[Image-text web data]

------------------------------------------------

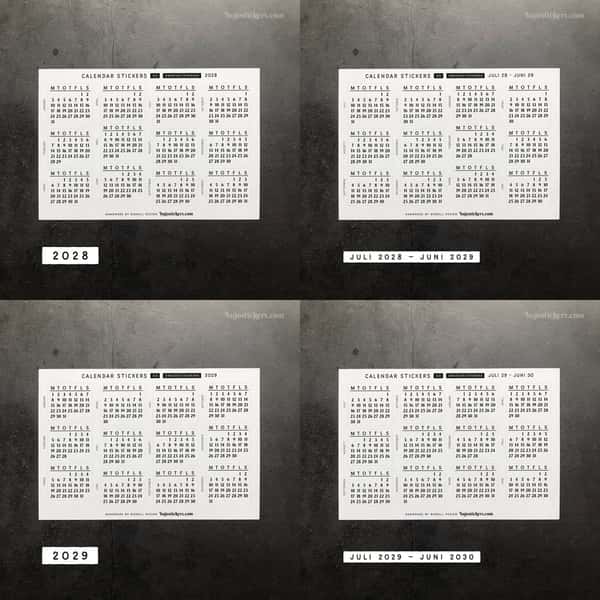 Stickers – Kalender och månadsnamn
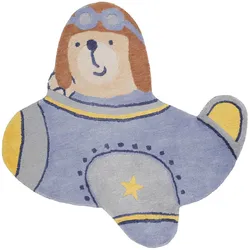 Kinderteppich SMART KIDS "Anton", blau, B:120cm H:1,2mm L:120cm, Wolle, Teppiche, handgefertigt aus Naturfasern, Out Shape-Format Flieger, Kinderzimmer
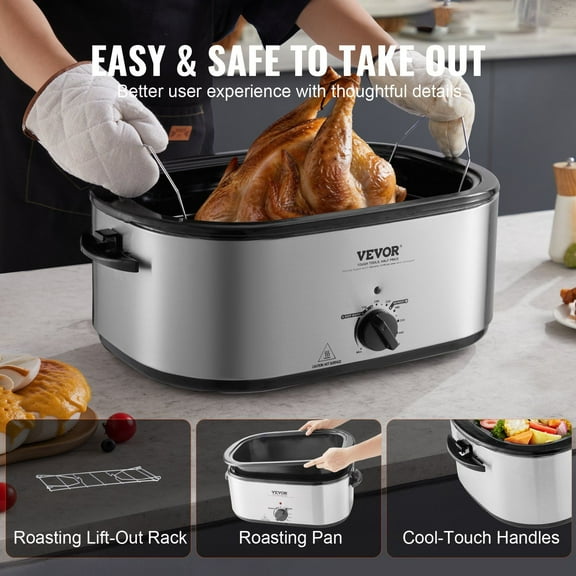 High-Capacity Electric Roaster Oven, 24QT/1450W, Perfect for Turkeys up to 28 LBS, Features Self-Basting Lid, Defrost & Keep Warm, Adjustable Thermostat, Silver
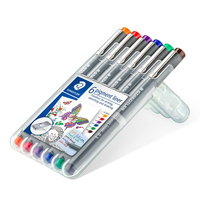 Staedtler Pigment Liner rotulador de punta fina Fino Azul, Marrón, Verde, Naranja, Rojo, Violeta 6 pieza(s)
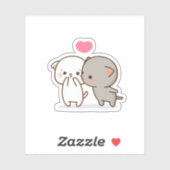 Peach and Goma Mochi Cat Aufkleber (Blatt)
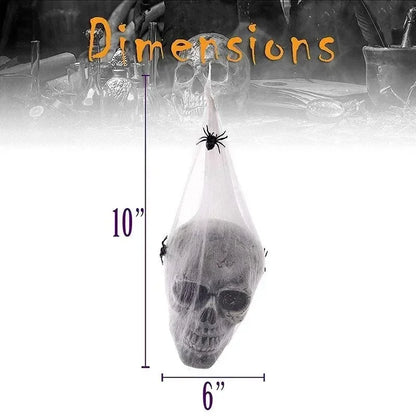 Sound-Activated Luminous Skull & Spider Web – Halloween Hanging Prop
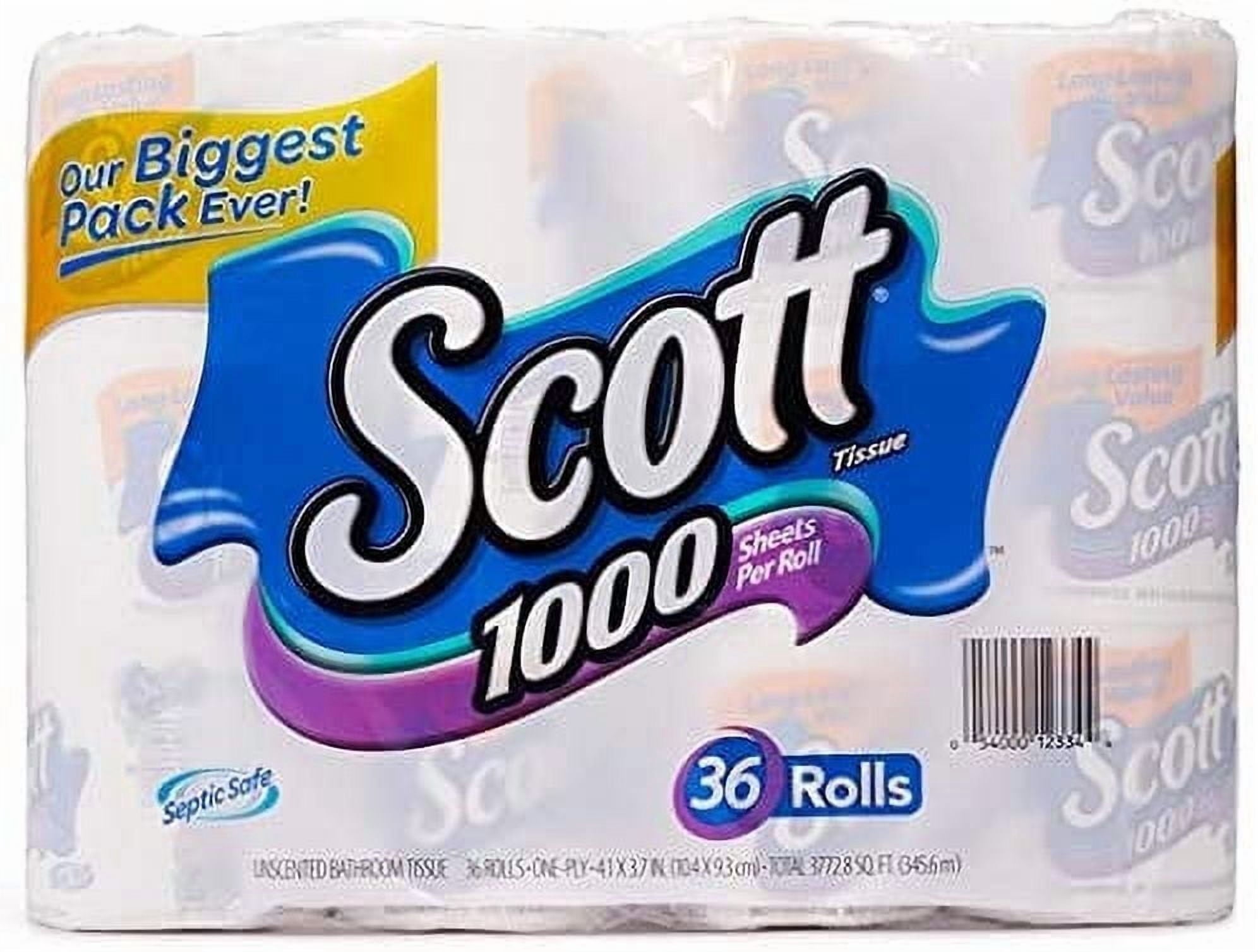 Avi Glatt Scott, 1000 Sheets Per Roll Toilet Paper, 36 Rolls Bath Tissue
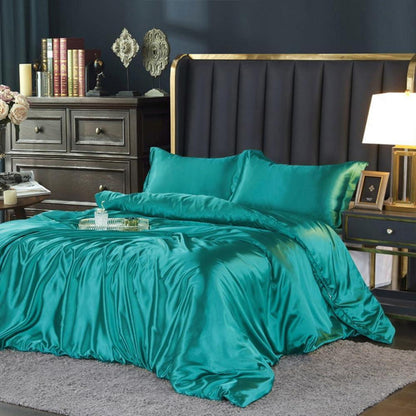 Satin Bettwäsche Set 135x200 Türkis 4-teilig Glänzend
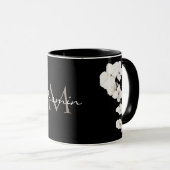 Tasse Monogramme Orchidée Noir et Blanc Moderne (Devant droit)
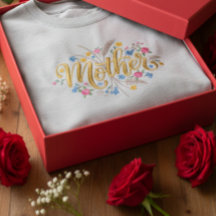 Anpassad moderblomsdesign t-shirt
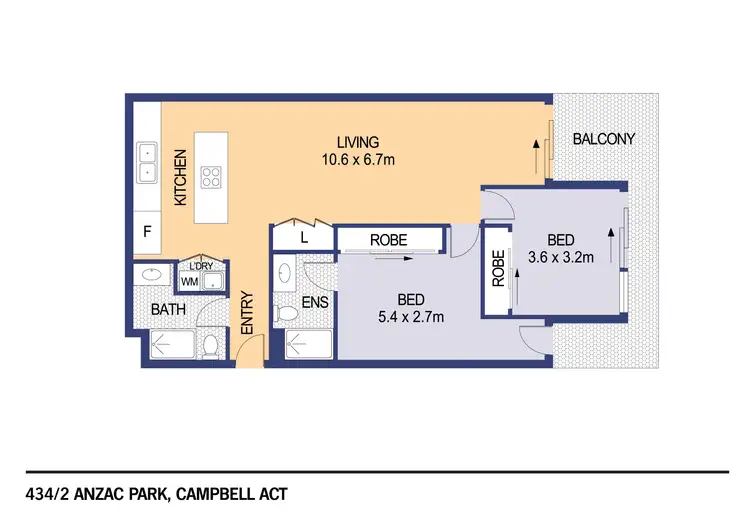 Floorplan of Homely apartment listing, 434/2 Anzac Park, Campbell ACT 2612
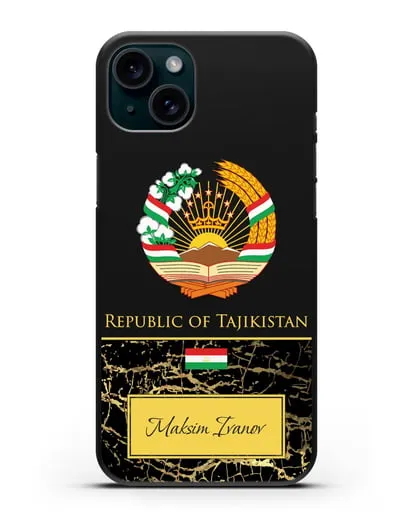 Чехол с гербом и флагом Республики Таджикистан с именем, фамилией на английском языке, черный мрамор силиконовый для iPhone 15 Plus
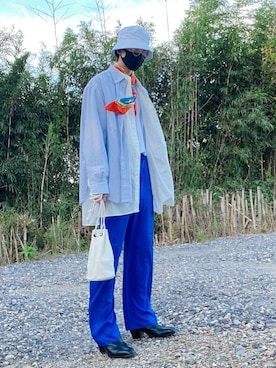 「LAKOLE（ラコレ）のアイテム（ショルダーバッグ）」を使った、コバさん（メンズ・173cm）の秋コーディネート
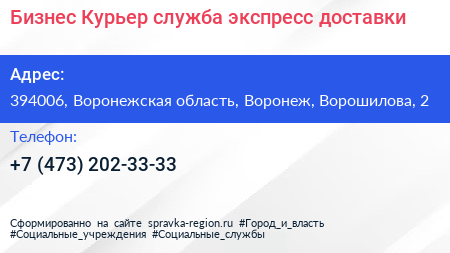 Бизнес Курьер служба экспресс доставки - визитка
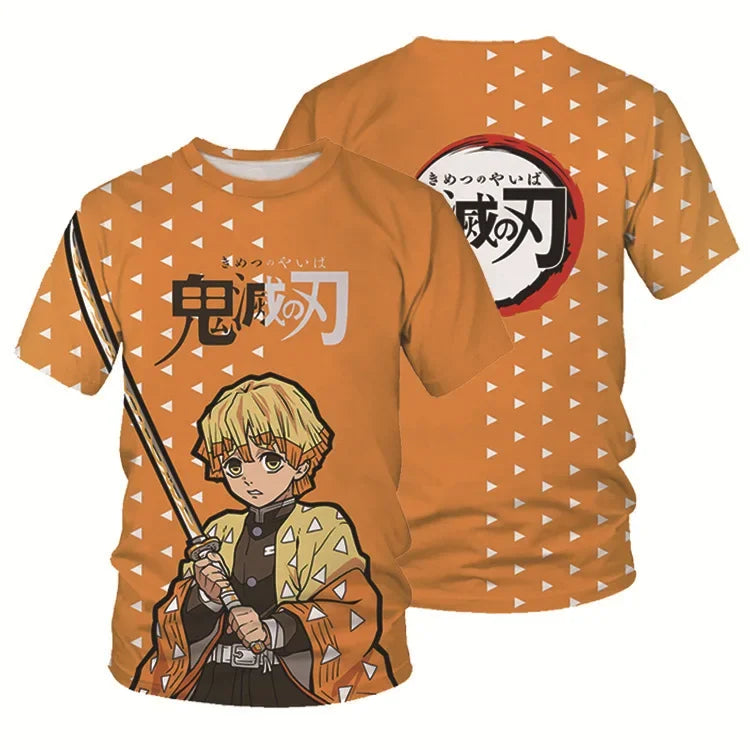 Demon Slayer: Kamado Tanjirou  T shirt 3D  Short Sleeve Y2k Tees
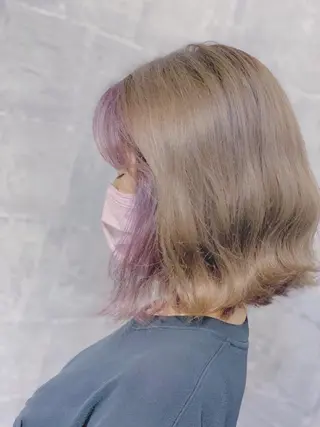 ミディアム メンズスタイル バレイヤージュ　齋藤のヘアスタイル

------------------------------------------------

> Assignment:
Every entry belongs in the answer exactly as written, but no picture does.

> Task solution:
 Stickers – Kalender och månadsnamn
 Kinderteppich SMART KIDS "Anton", blau, B:120cm H:1,2mm L:120cm, Wolle, Teppiche, handgefertigt aus Naturfasern, Out Shape-Format Flieger, Kinderzimmer
 High-Capacity Electric Roaster Oven, 24QT/1450W, Perfect for Turkeys up to 28 LBS, Features Self-Basting Lid, Defrost & Keep Warm, Adjustable Thermostat, Silver
 Staedtler Pigment Liner rotulador de punta fina Fino Azul, Marrón, Verde, Naranja, Rojo, Violeta 6 pieza(s)
 Peach and Goma Mochi Cat Aufkleber (Blatt)
 Sound-Activated Luminous Skull & Spider Web – Halloween Hanging Prop
 Avi Glatt Scott, 1000 Sheets Per Roll Toilet Paper, 36 Rolls Bath Tissue
 Satin Bettwäsche Set 135x200 Türkis 4-teilig Glänzend
 Tasse Monogramme Orchidée Noir et Blanc Moderne (Devant droit)
 Anpassad moderblomsdesign t-shirt
 Floorplan of Homely apartment listing, 434/2 Anzac Park, Campbell ACT 2612
 Чехол с гербом и флагом Республики Таджикистан с именем, фамилией на английском языке, черный мрамор силиконовый для iPhone 15 Plus
 「LAKOLE（ラコレ）のアイテム（ショルダーバッグ）」を使った、コバさん（メンズ・173cm）の秋コーディネート
 Бизнес Курьер служба экспресс доставки - визитка
 Demon Slayer: Kamado Tanjirou  T shirt 3D  Short Sleeve Y2k Tees
 ミディアム メンズスタイル バレイヤージュ　齋藤のヘアスタイル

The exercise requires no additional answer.